Task requirements: Print the records exactly and in full, please; the pictures stay out.
Records for processing below:
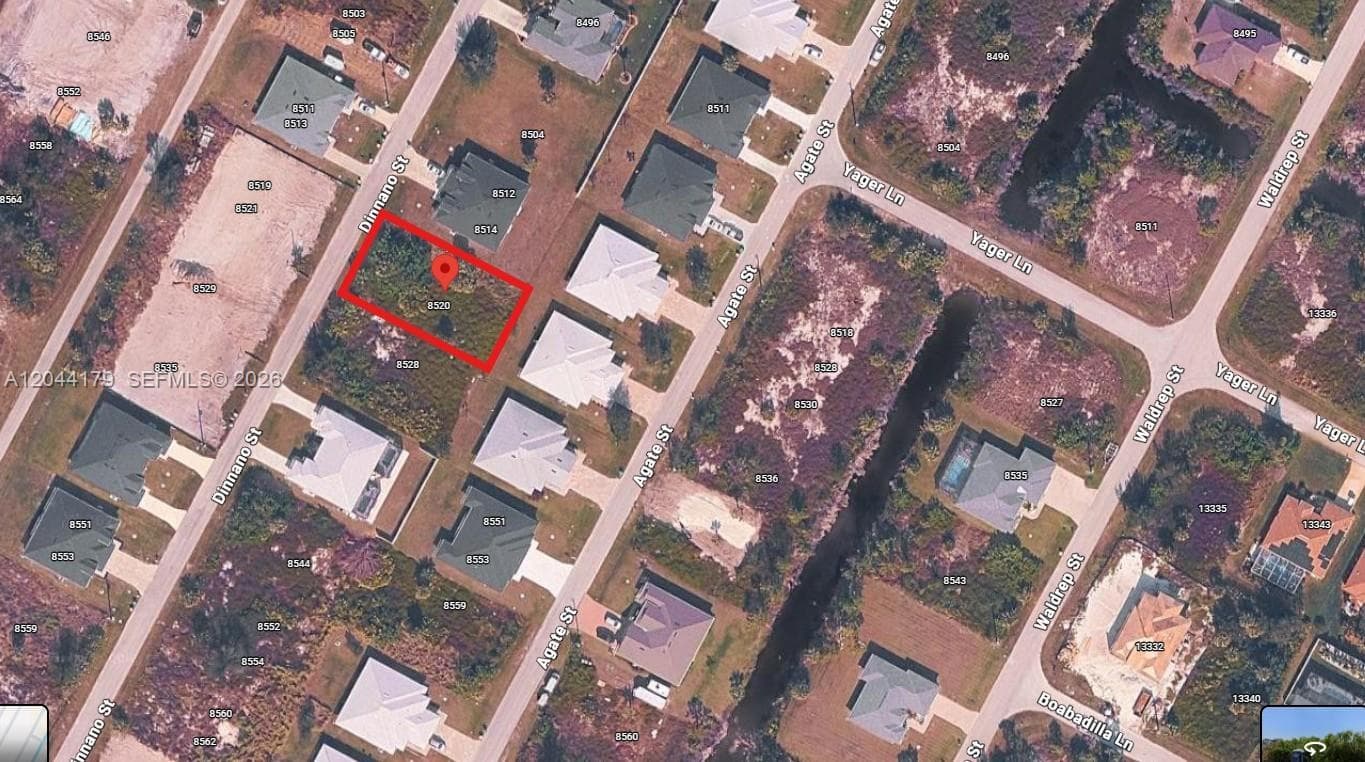 8520 Dinnano St, Port Charlotte FL 33981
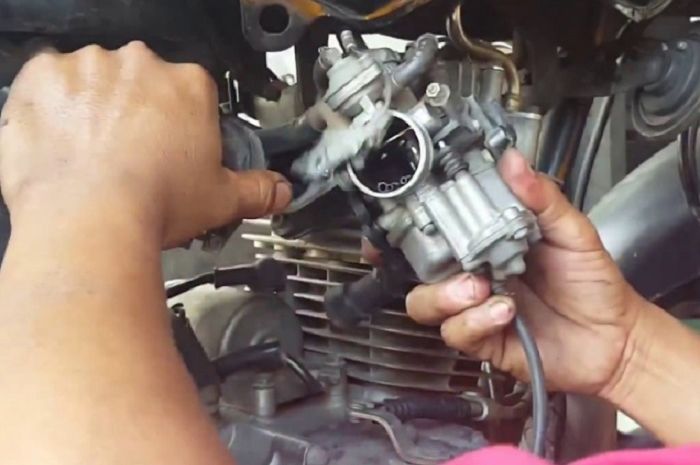Cara Membersihkan Karburator Mio. Sering Dilakukan, Membersihkan Karburator Sebaiknya Jangan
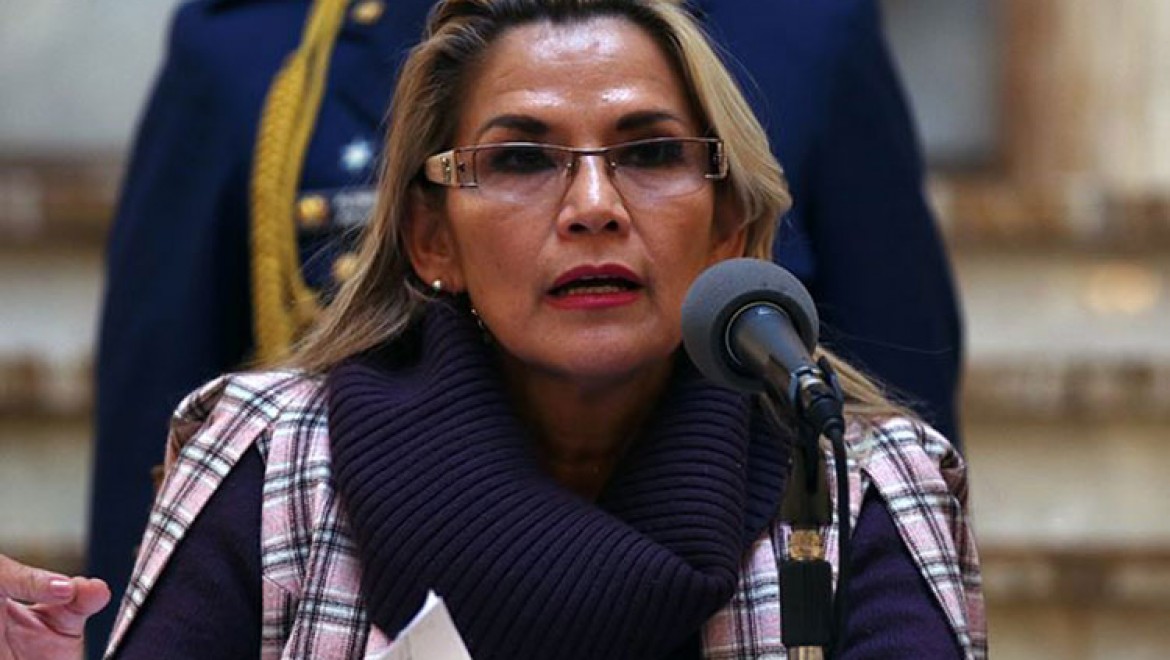 Bolivya Küba ile diplomatik ilişkileri askıya aldı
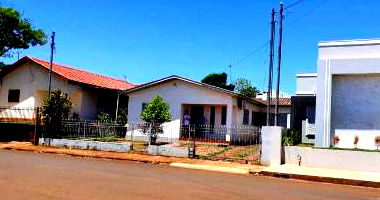 Casa Ocupada com 108m² de Área Construída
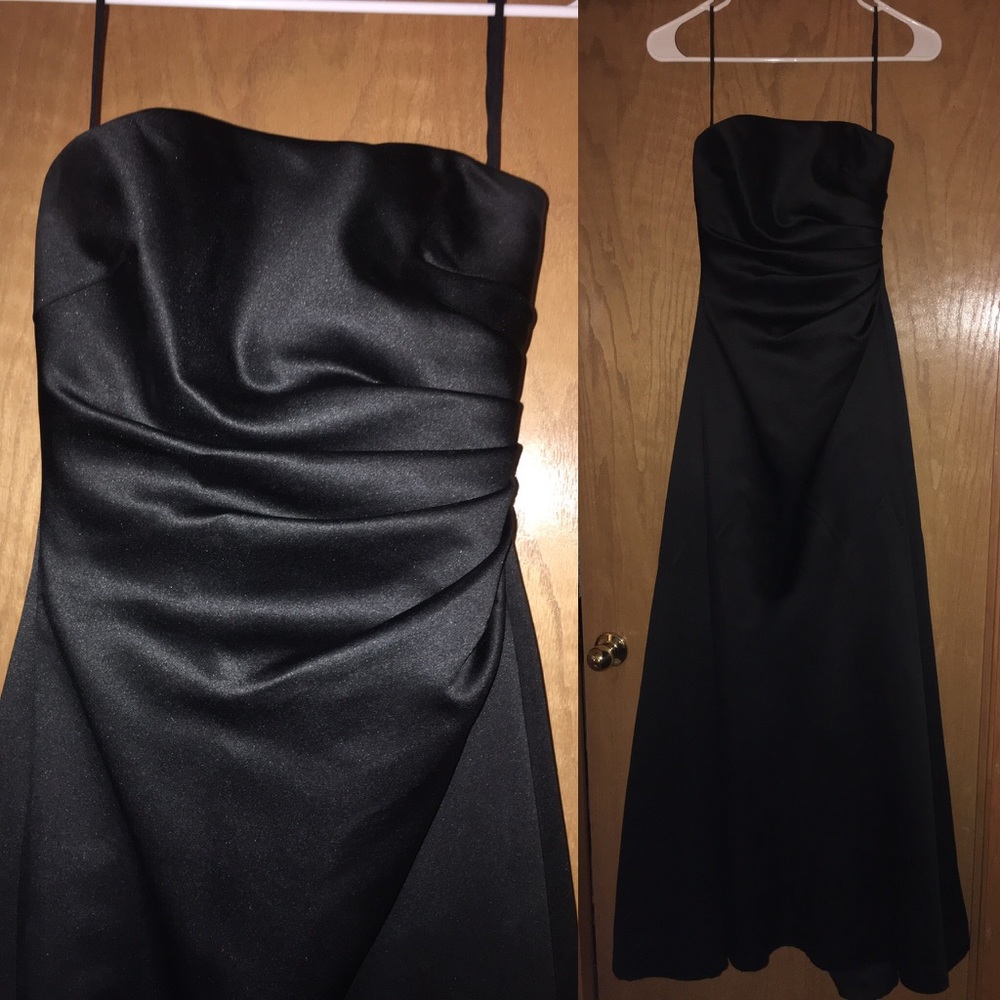 Strapless Formal Gown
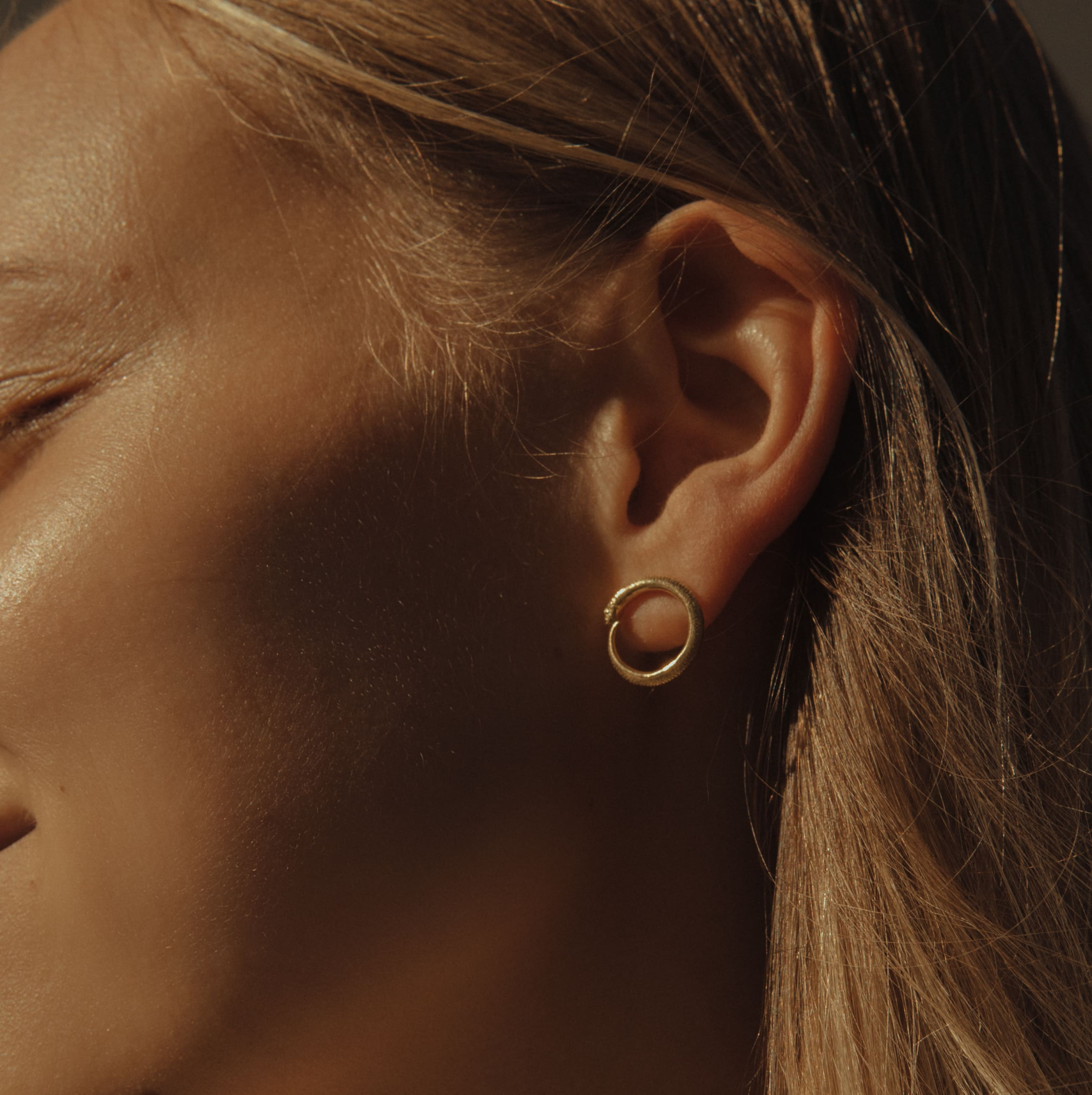 MS. MARBLE серьги-пусеты Meditation позолота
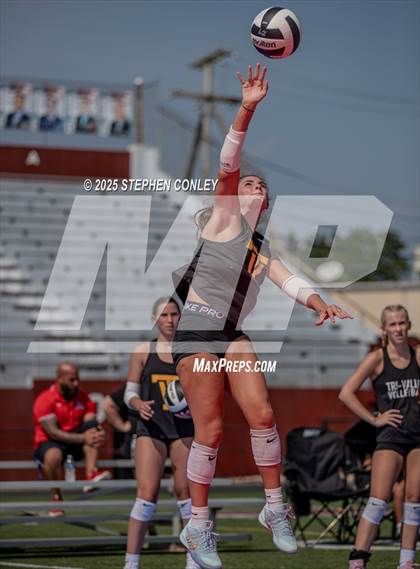 Thumbnail 2 in Tri-Valley vs Lakewood (Showdown at Sundown Preview) photogallery.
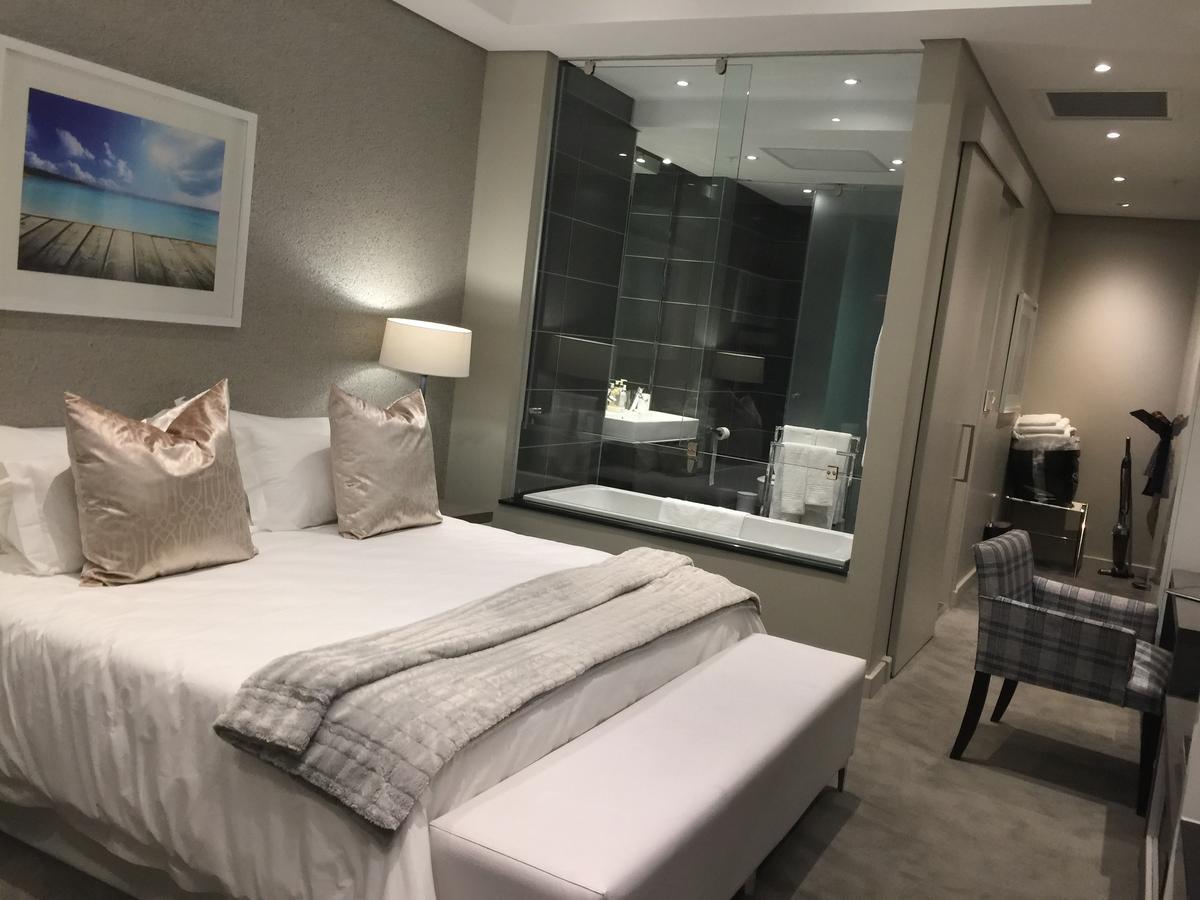 Apartment 615 Sandton Skye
End of Records for processing.
Your response:
 8520 Dinnano St, Port Charlotte FL 33981
Cara Membersihkan Karburator Mio. Sering Dilakukan, Membersihkan Karburator Sebaiknya Jangan
 Bolivya Küba ile diplomatik ilişkileri askıya aldı
 Casa Ocupada com 108m² de Área Construída
 Strapless Formal Gown
 MS. MARBLE серьги-пусеты Meditation позолота
 Thumbnail 2 in Tri-Valley vs Lakewood (Showdown at Sundown Preview) photogallery.
 Apartment 615 Sandton Skye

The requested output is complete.